Depósitos gaúchos devem cumprir meta de 15% de certificação

SÃO PAULO – O Rio Grande do Sul deverá cumprir a meta de ter suas unidades armazenadoras com pelo menos 15% de sua capacidade certificada até o dia 31 de dezembro. A previsão é da superintendência regional da COMPANHIA NACIONAL DE ABASTECIMENTO (CONAB).

Para a entidade, a maioria das unidades já está com o percentual mínimo exigido.

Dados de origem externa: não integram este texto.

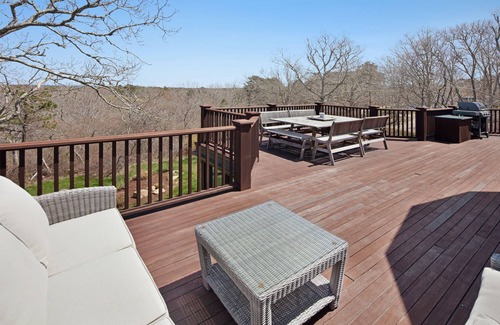 Edgartown House | Sleeps 12, amazing view, tennis court, basketball court, beaches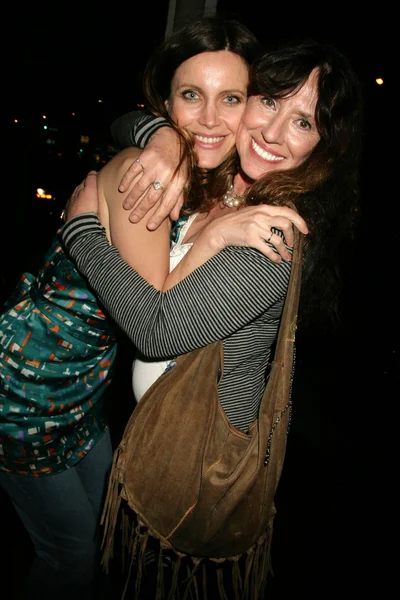 Madla Hruza, Silvia Suvadova en el estreno de "Brando Unauthorized" Los Angeles, Majestic Crest Theater, Westwood, CA. 11-09-10 — Foto de Stock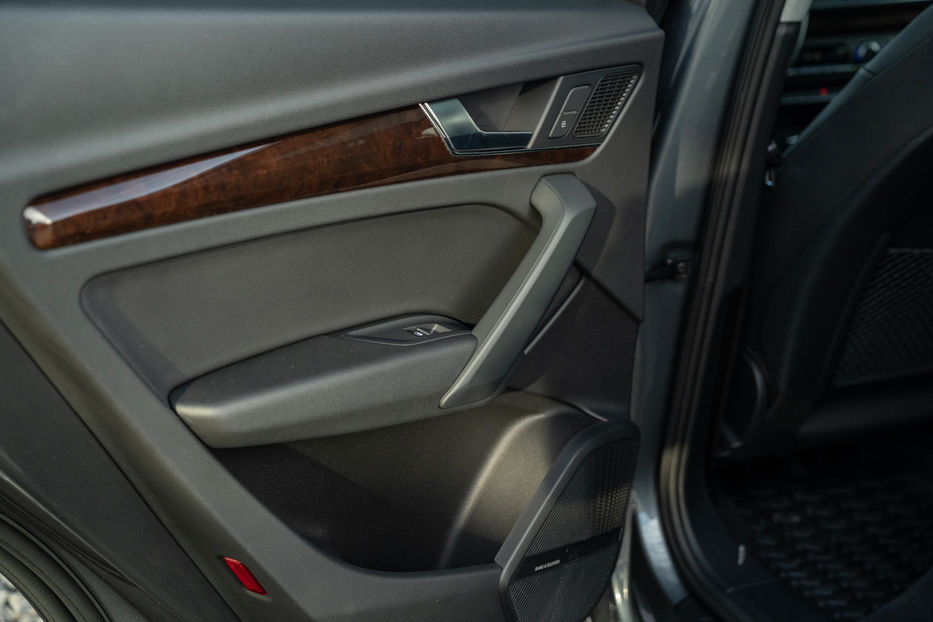 Продам Audi Q5 Premium Plus 2018 года в Черновцах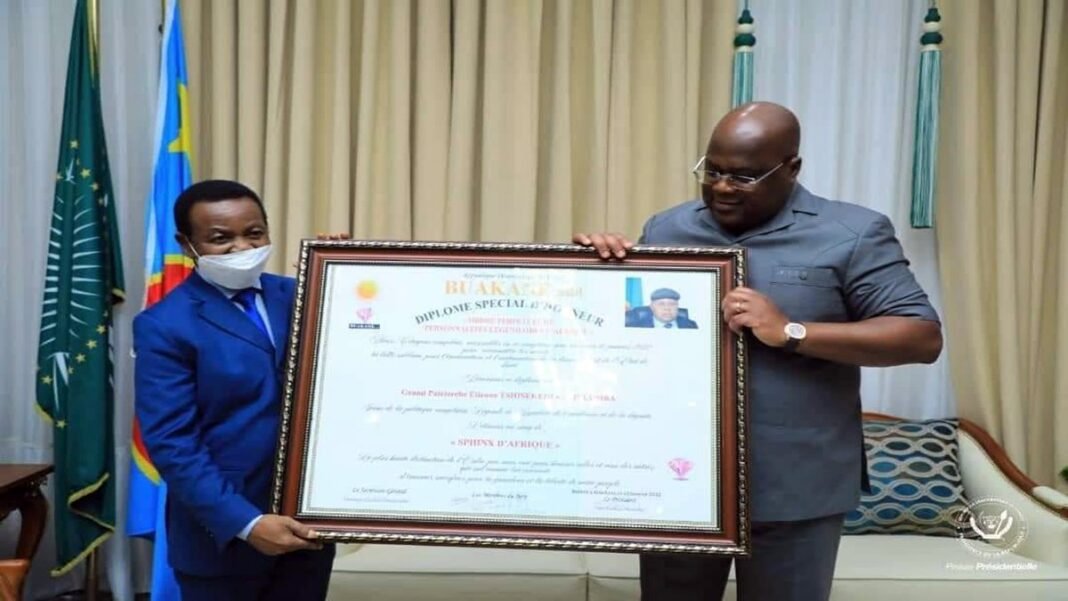 Mboso remet à Félix Tshisekedi un diplôme de mérite dédié à son défunt père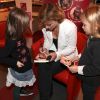 Anne Richard signe des autographes le 17 décembre à la librairie Le Carré d'Encre à Paris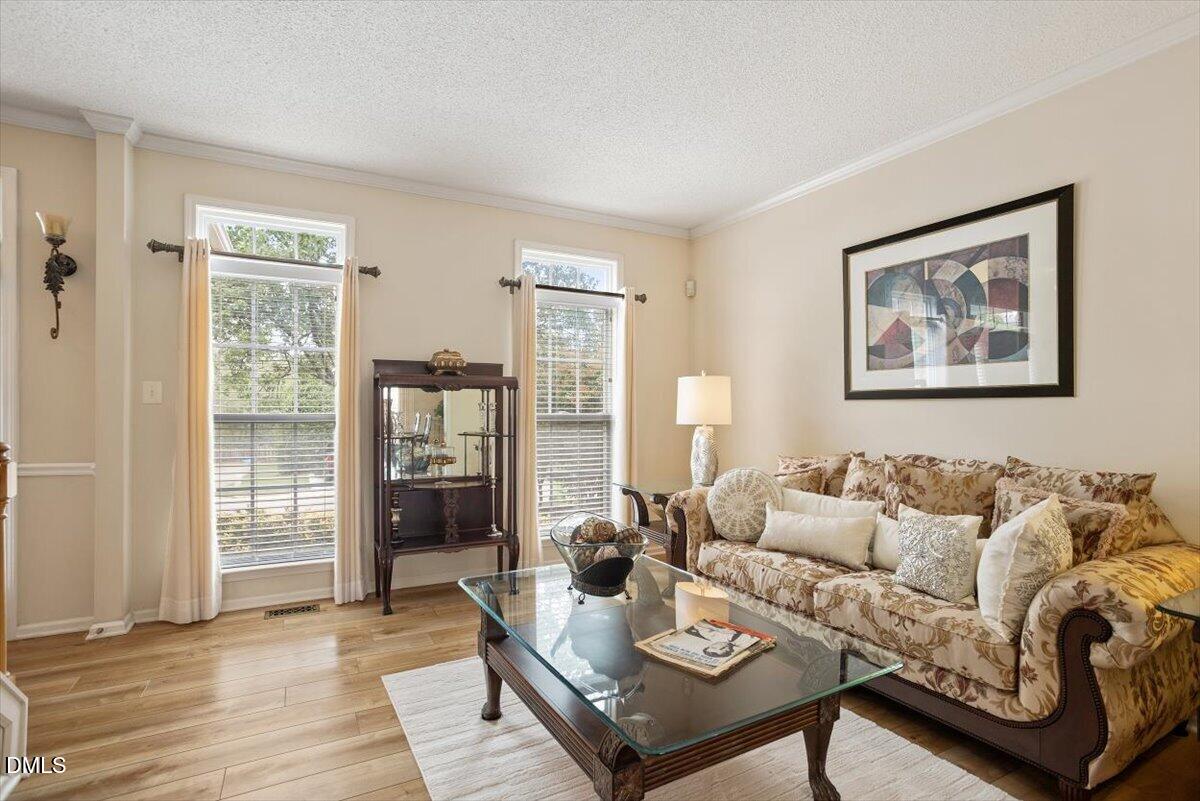 5204 Duckdown Court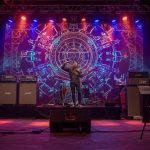 Lucid_Realism_Gambar_realistis_dari_Musisi_Elektronik_Lokal_Po_0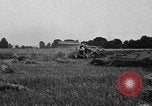 Immagine di Trattore Ford disegnati reaper United States USA, 1918, secondo 59 filmato di repertorio 65675048692
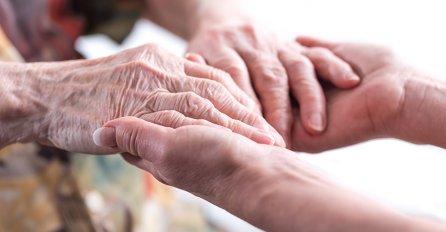 TIHI SIMPTOMI PARKINSONOVE BOLESTI KOJE NE SMIJETE IGNORISATI: Ovih 9 promjena može da ukazuje na oboljenje mozga!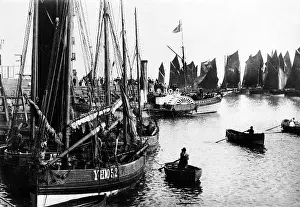 <b class=qtipBold><figcaption>Scarborough Harbour</figcaption></b><br>Scarborough, the harbour.<br><em>© Mary Evans Picture Library</em> Scarborough Harbour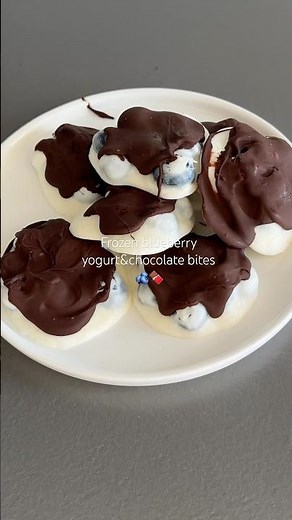 Frozen Blueberry Yogurt Chocolate Bites 🍫❄️ | Easy 3-Ingredient Snack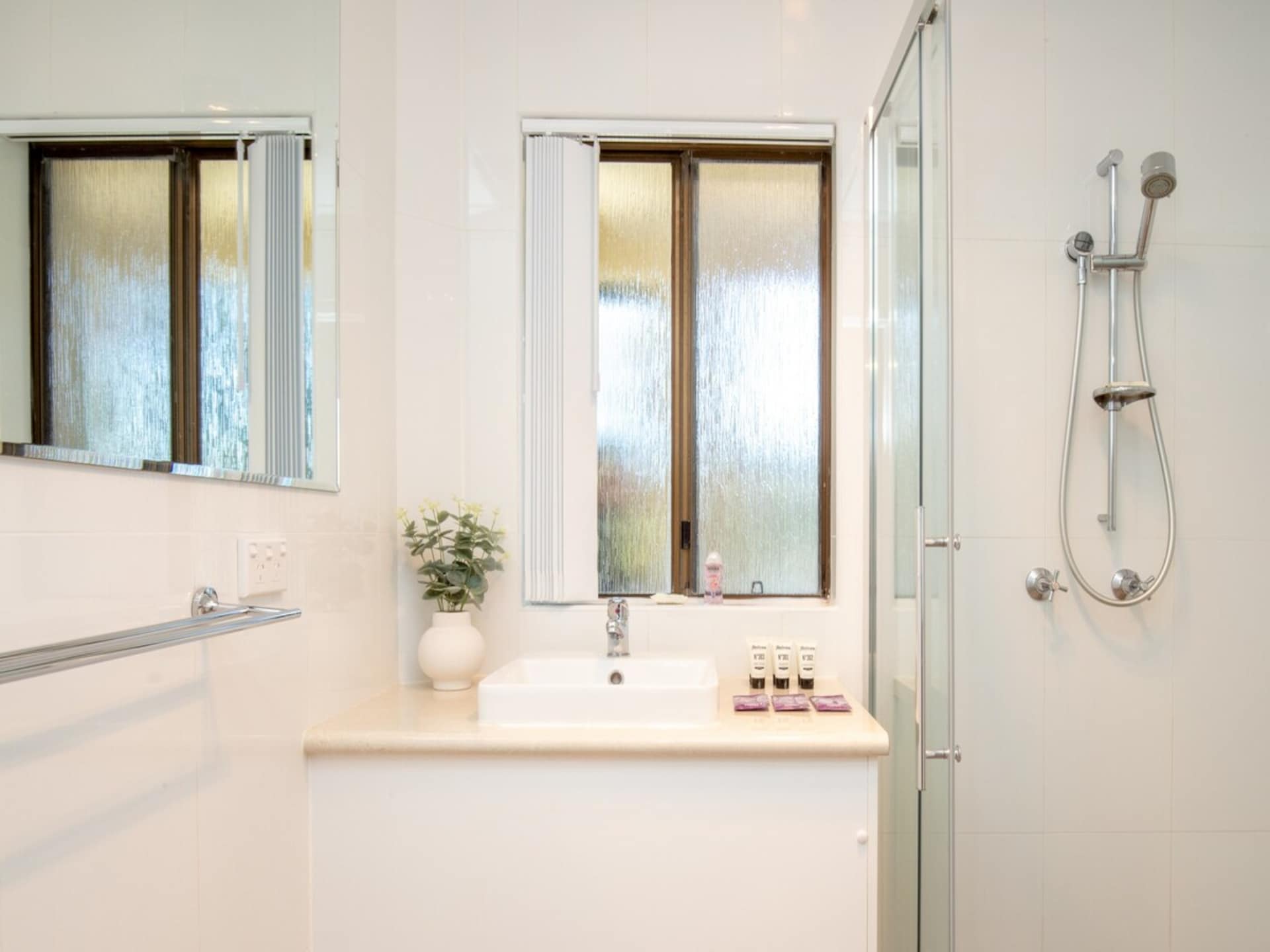 Luxe studio-appartement aan Caseys Beach in Batehaven - foto 9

"É com grande satisfação que nós registramos a informação acerca do cumprimento do percentual de 15% exigido pelo Sistema Nacional de Certificação de Unidades Armazenadoras para o exercício de 2012, pelos operadores da armazenagem no Estado do Rio Grande do Sul, que detém um grande número de estruturas voltadas à atividade no País", comentou o coordenador de Serviços de Infraestrutura, Logística e Aviação Agrícola do Ministério da Agricultura, Pecuária e Abastecimento, Carlos Alberto Nunes Batista.

A adesão mostra o entendimento do setor quanto às vantagens da qualificação das estruturas, o que agrega valor e visibilidade aos produtos submetidos ao processo. "Na medida em que o País amplia a sua participação no mercado internacional de alimentos, é de fundamental importância que os processos de guarda e conservação sejam cada vez mais aperfeiçoados, em um permanente processo de alinhamento do volume produzido à qualidade do manejo", avalia Batista. De acordo com ele, trata-se de um empreendimento único, sem precedente em outros países; a certificação das unidades armazenadoras colocará o Brasil entre os melhores operadores dessa atividade no mundo, assegurando aos nossos produtos o reconhecimento do mercado interno e externo.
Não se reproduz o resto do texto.